According to Stop Demovictions activist, Metrotown resident, and Nuu-chah-nulth/Irish mother, Mercedes Morris, the only answer is to unite and fight back in the streets and by breaking the laws that hurt vulnerable tenants. “The level of stress and the destruction of our neighbourhood is unacceptable,” she said. Mercedes said the denial of compensation to the “moms and kids” that she met in the Belford buildings adds “insult to injury” of demoviction. On behalf of the Stop Demovictions campaign, Mercedes issued a one-week deadline to the City of Burnaby to guarantee full compensation to all evicted tenants and said that the next step of the group would be action, not talk.
When the Stop Demovictions campaign takes action to support temporary tenants, the action is against Mayor Corrigan’s framing of a sub-group of tenants as “temporary.” Like with “temp” workers, the category of temporary (or “replacement”) doesn’t adjust the obligations or power relationship for the tenant. Temp workers still sell their labour power to bosses in exchange for a small amount of money and temp tenants still hand over large portions of their wages to landlords in exchange for a place to live.

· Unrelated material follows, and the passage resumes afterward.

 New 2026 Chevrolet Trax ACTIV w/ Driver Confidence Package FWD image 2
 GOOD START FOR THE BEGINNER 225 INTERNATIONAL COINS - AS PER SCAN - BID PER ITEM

No worker ever gains ownership over the products of their labour and no tenant ever gains ownership of their apartment.
What the category of “temp” does change is that it lowers the level of obligation the boss or landlord has to sustain the worker or tenant, and the amount of legal rights and protections the state extends to the worker or tenant against abuses by their boss or landlord. Clawing back rights and protections for some groups of workers or tenants is a way that governments provide a regulatory subsidy to corporations.
By his rezoning policies, Mayor Derek Corrigan is author of the demovictions crisis in Burnaby. Demovictions are eroding Burnaby’s stock of low-end of market apartments, bottoming out the vacancy rate, and growing the group of temporary tenants, which should be considered a layer of homelessness. By the loopholes in his tenant assistance policy, he is also now producing a “temp tenant” sub-strata by declaring that the City won’t protect an arbitrary group. A mostly racialized and migrant group that tends to work temporary jobs, those most vulnerable to homelessness and hidden homelessness are Corrigan’s temporary tenants.